Over centuries, Russian leaders have demonstrated that they have a warped understanding of the word “liberation.” The country has a dark history of providing “brotherly help” in Eastern Europe. The Polish foreign minister, Radek Sikorski, alluded to this in February 2014, when he stated: “Russia has never actually invaded Poland — instead, it always ‘came to help’ national and religious minorities.”

Through groups like the NLM, Putin is creating yet another generation of Kremlin “freedom fighters.”

The NLM is not the only pro-Kremlin youth group active in Ukraine. On March 3, a pro-Russian demonstrator planted a Russian flag atop the main administrative building in Kharkiv. The demonstrator was later revealed to be a “journalist” for a pro-Kremlin Moscow-based website financed by the Kremlin’s youth movement, Nashi. On April 7, the pro-Kremlin Eurasian Union of Youth claimed to have agents provocateurs in eastern Ukraine.

So is eastern Ukraine slipping into Russian hands? Events in Donetsk region suggest so, despite the fact that opinion polls (pdf) show the majority of eastern Ukrainians want to live in a united Ukraine, reject unification with Russia, and oppose (pdf) Russian military intervention.

U.S. Secretary of State John Kerry earlier this month accused “Russian special forces and agents” of stoking pro-Russian separatism in eastern Ukraine. His Russian counterpart rejected the allegation, insisting Moscow has no military or intelligence operatives in Ukraine and blaming the West — and Ukraine’s pro-Western interim government — for the turmoil. Nevertheless, Kiev is conscious that Russia may use such operatives to destabilize eastern Ukraine ahead of the May 25 presidential elections.

Over recent weeks, Ukraine’s security agency has detained over a dozen individuals suspected of collecting intelligence for Moscow. Some were Ukrainian nationals, while others are suspected of being Russian “war tourists.” At least one was a Russian “spy” (albeit one apparently unaware that posting a photograph of herself holding an automatic rifle to VKontakte, Russia’s equivalent of Facebook, is not a usual part of espionage). Kiev has begun to limit the access of such individuals to Ukraine; it has ended unrestricted travel for Russians to the country and begun to turn away Russian journalists at the border. The rather farcical way Ukraine has gone about this, however, illustrates just how hard it will be for Kiev to find a workable approach.
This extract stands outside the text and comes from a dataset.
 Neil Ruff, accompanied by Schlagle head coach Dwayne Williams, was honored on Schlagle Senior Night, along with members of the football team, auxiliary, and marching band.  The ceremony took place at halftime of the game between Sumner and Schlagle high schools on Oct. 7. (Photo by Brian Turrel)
But there are other policies that also deserve attention from the government in Kiev. While Russia’s aggression must be condemned in the strongest possible terms, the prevalence of genuine pro-Russian sentiments in eastern Ukraine means that the interim government must do more to reassure eastern Ukrainians that its intentions are benign. Despite numerous ultimatums, Kiev only recently launched military operations against separatists occupying government buildings in eastern Ukraine — sending a clear message that it will not abandon its troublesome east, like it did Crimea.

There is much that the United States and its European allies can do to help. Western intelligence services should work to expose the activities of groups like the NLM who have so far avoided any scrutiny over their links with the Kremlin. The European Union should offer more to Kiev than foreign policy chief Catherine Ashton’s “I am gravely concerned” statements and Brussels’ half-hearted economic sanctions. U.S. President Barack Obama’s awkward phone calls with the Kremlin are not nearly enough.

Russian tanks may not yet have crossed the Ukrainian border, but the Kremlin has already begun to invade eastern Ukraine. Moscow has infiltrated the Donetsk region with weapons more effective than Kalashnikovs: a new generation of Russian “liberators.” These men — convinced that Russia is surrounded by enemies and that only they understand what is needed to save it — are working overtime to restore “stolen” lands to the Kremlin. And they will not stop at Ukraine.